Exactly the lines from the first line of the records to the line holding "A spacious dining" should be duplicated, and nothing more; pictures stay out.

*** Opening Records shown ***

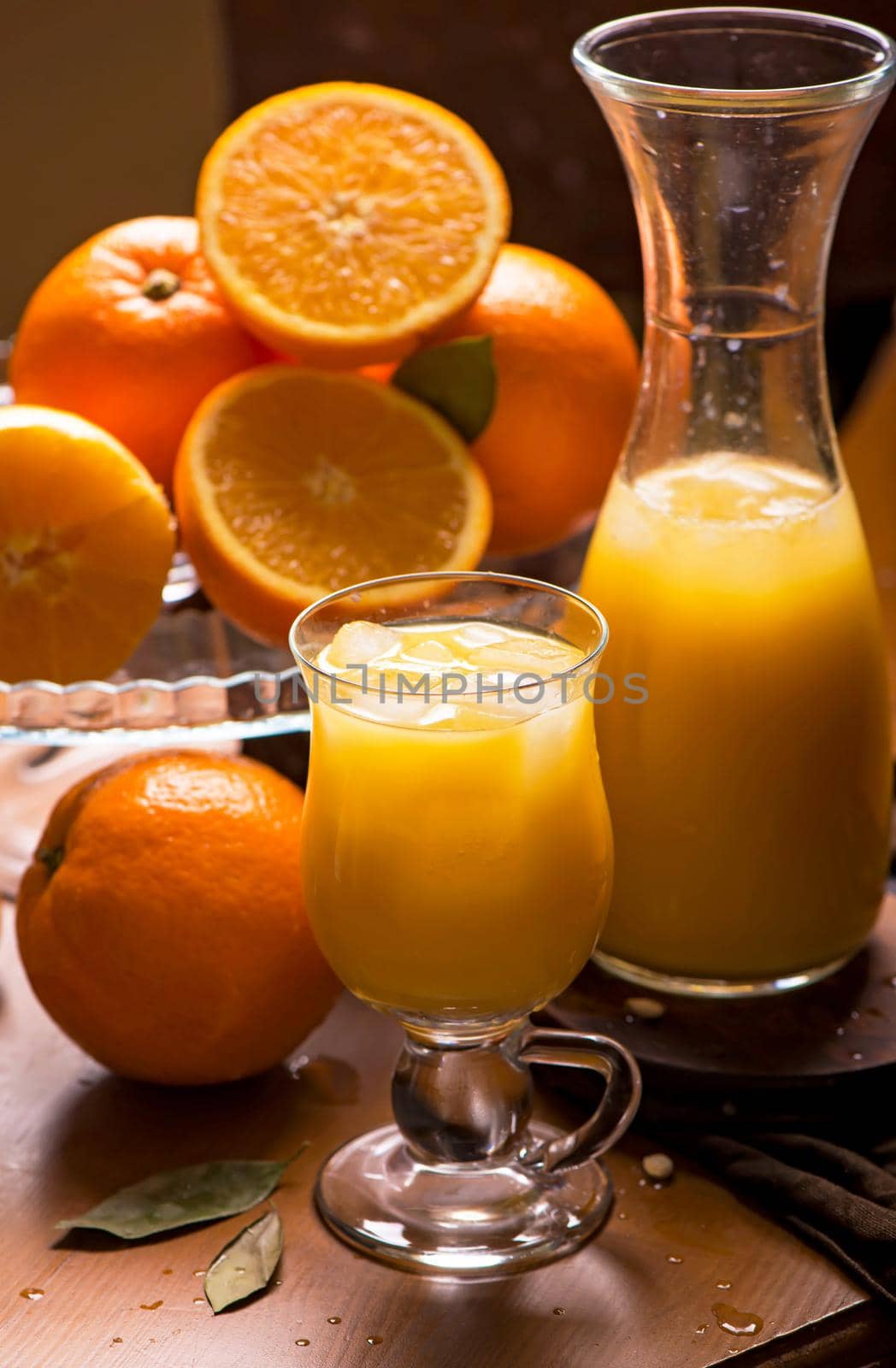 glass of fresh orange juice with fresh fruits on wooden table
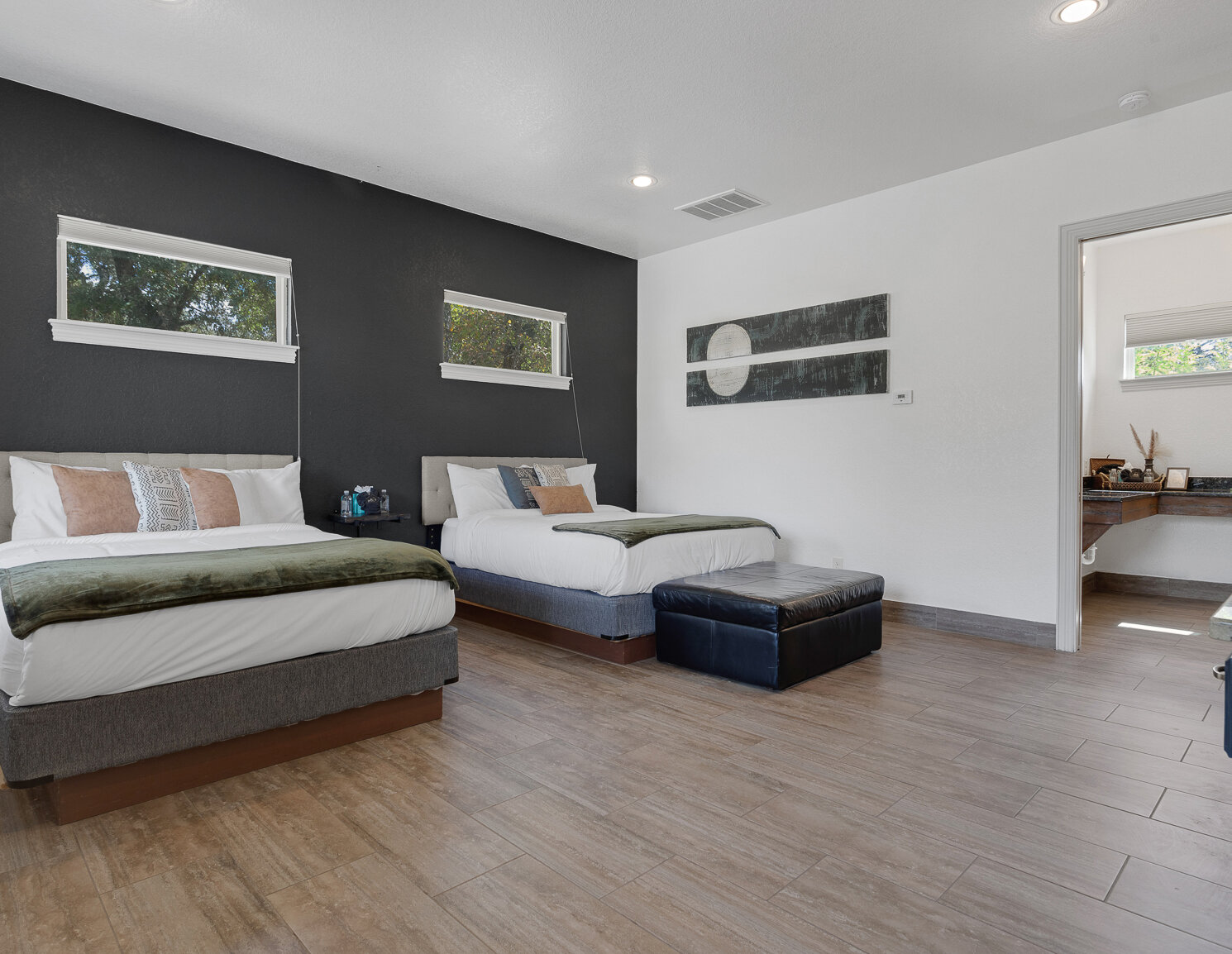 Modern bedroom with two queen beds, dark accent wall, wood-look tile flooring, and adjoining bathroom.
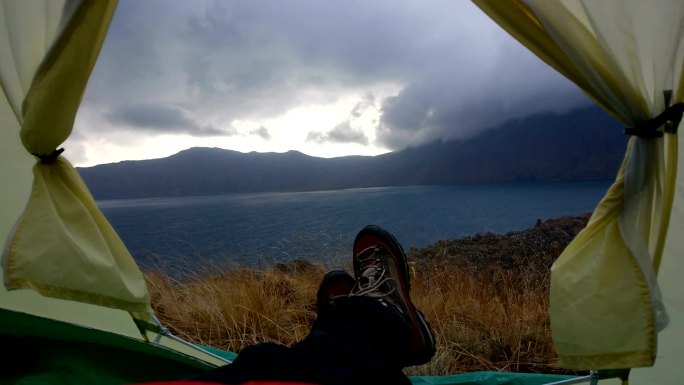 内姆鲁特火山口湖附近的帐篷里有风、云和雨的慢镜头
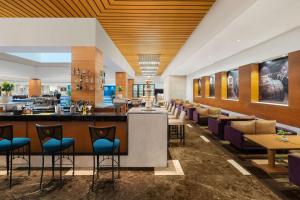 un ristorante con bar, tavoli e sedie di Radisson Blu Hotel Ranchi a Rānchī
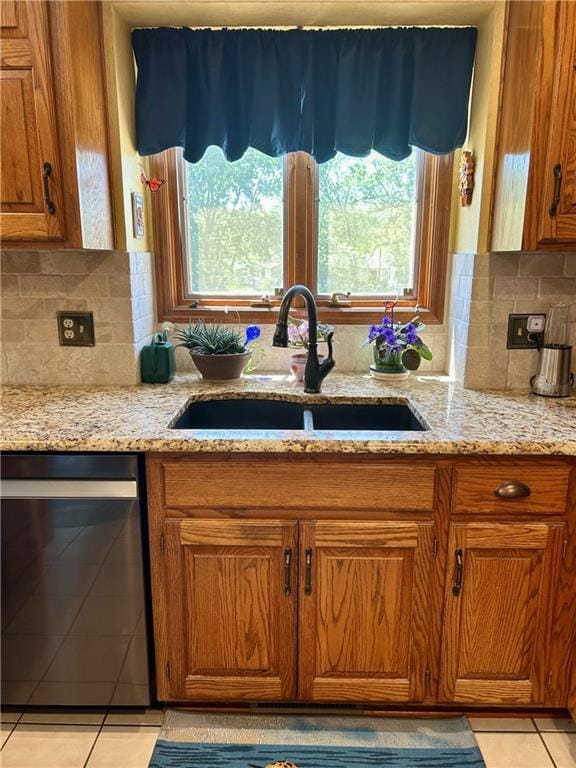 2317 Rhonda Rd, Excelsior Springs, MO 64024 - kitchen with dishwasher, a sink, brown cabinetry, light tile patterned floors, and plenty of natural light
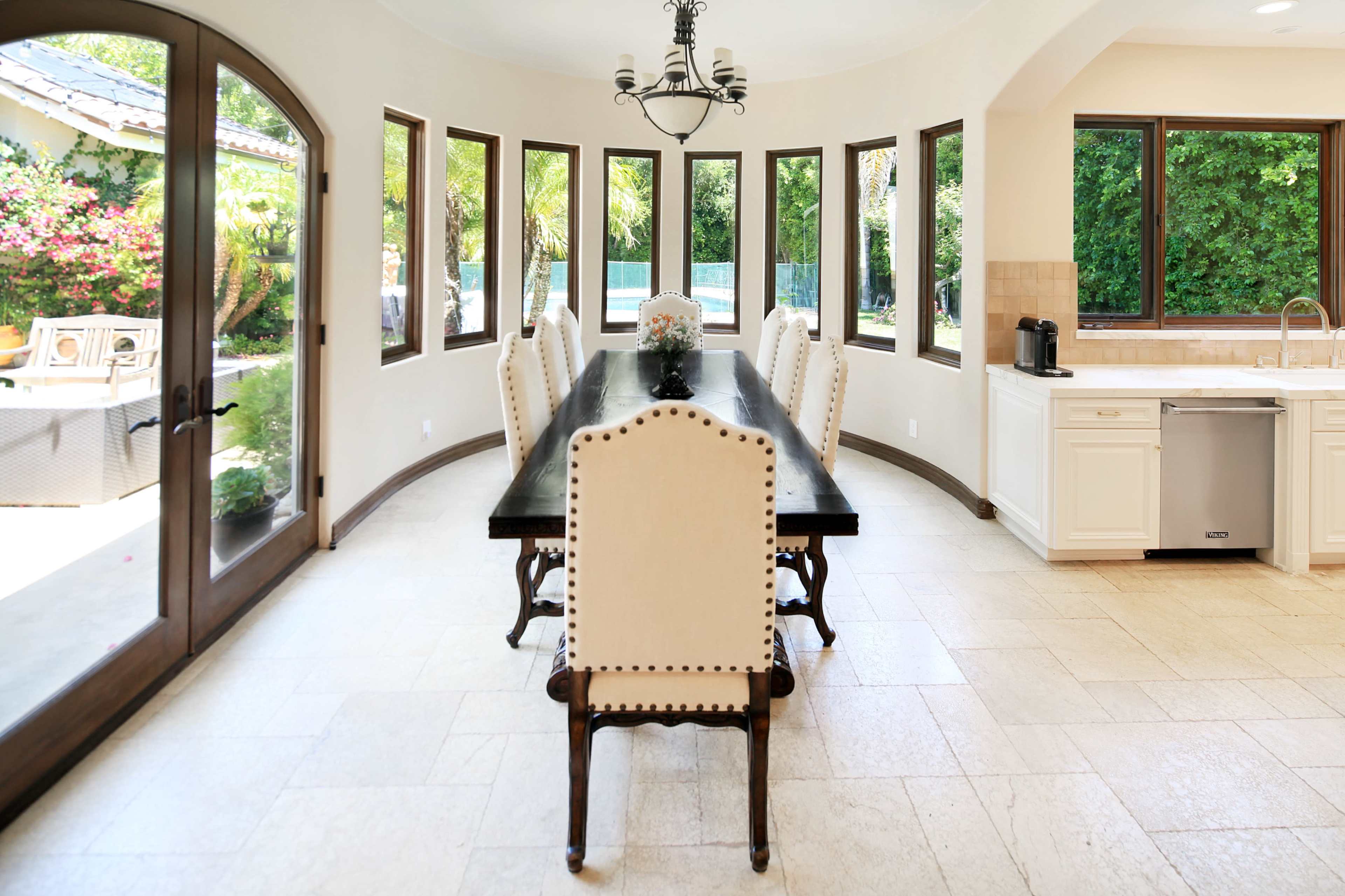 A spacious dining area features a long black table surrounded by twelve light-colored chairs and large windows offering views of a lush outdoor landscape.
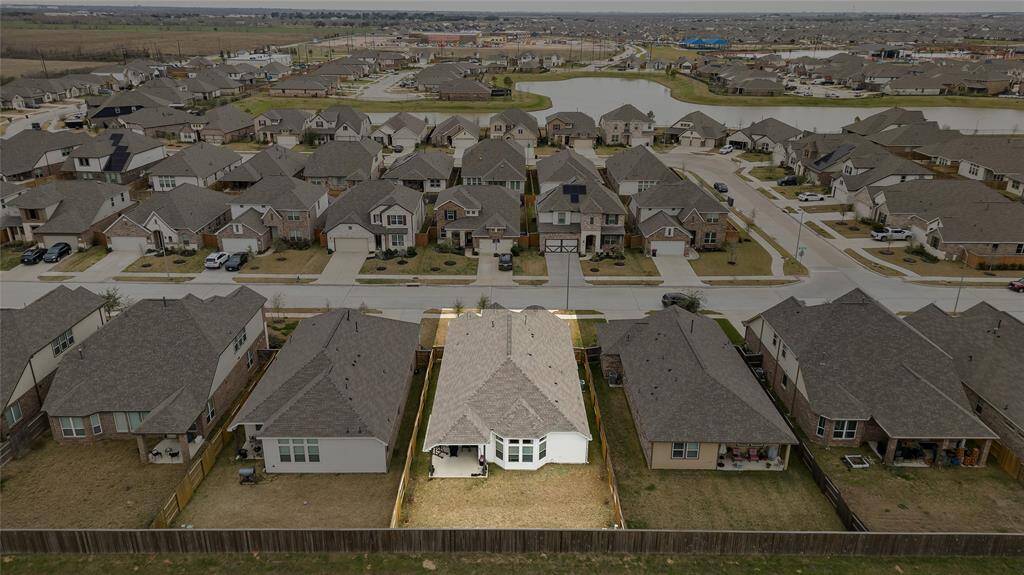 A wide aerial view of the neighborhood highlighting the future lagoon-style pool (slated for completion this summer) and surrounding residential community.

*** Closing Records shown ***

Written solution –
 glass of fresh orange juice with fresh fruits on wooden table
 Modern bedroom with two queen beds, dark accent wall, wood-look tile flooring, and adjoining bathroom.
 内姆鲁特火山口湖附近的帐篷里有风、云和雨的慢镜头
 un ristorante con bar, tavoli e sedie di Radisson Blu Hotel Ranchi a Rānchī
 2317 Rhonda Rd, Excelsior Springs, MO 64024 - kitchen with dishwasher, a sink, brown cabinetry, light tile patterned floors, and plenty of natural light
 A spacious dining area features a long black table surrounded by twelve light-colored chairs and large windows offering views of a lush outdoor landscape.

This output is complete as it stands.